## [Your assignment]
Consider the listing below. Extract exactly the lines from the line containing "Kubu Sunset Guest" to the line containing "Compatible with Citroen", both included.

## [Dataset records]
◇ ◇ ◇ ◇
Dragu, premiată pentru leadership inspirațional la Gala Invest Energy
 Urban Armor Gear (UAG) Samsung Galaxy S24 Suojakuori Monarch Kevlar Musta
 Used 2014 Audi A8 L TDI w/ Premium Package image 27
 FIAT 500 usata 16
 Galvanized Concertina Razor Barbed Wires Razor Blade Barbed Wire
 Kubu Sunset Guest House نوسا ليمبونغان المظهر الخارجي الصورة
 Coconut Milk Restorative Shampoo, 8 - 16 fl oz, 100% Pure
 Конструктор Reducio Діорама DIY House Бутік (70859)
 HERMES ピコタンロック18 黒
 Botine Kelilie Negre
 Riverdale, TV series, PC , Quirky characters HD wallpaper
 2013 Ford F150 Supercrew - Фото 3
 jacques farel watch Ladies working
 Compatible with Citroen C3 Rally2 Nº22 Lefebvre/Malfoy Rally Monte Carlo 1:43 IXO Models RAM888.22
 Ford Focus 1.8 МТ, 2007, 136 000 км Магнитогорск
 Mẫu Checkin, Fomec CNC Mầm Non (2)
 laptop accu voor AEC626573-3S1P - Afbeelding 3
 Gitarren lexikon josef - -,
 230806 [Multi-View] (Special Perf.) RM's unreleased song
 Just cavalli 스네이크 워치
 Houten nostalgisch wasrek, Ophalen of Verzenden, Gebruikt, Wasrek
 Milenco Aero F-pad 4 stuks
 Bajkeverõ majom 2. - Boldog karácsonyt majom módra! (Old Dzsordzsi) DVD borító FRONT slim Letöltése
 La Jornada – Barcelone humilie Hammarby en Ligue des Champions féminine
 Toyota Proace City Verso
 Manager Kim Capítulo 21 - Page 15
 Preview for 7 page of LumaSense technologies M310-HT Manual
◇ ◇ ◇ ◇
## [Your response]
 Kubu Sunset Guest House نوسا ليمبونغان المظهر الخارجي الصورة
 Coconut Milk Restorative Shampoo, 8 - 16 fl oz, 100% Pure
 Конструктор Reducio Діорама DIY House Бутік (70859)
 HERMES ピコタンロック18 黒
 Botine Kelilie Negre
 Riverdale, TV series, PC , Quirky characters HD wallpaper
 2013 Ford F150 Supercrew - Фото 3
 jacques farel watch Ladies working
 Compatible with Citroen C3 Rally2 Nº22 Lefebvre/Malfoy Rally Monte Carlo 1:43 IXO Models RAM888.22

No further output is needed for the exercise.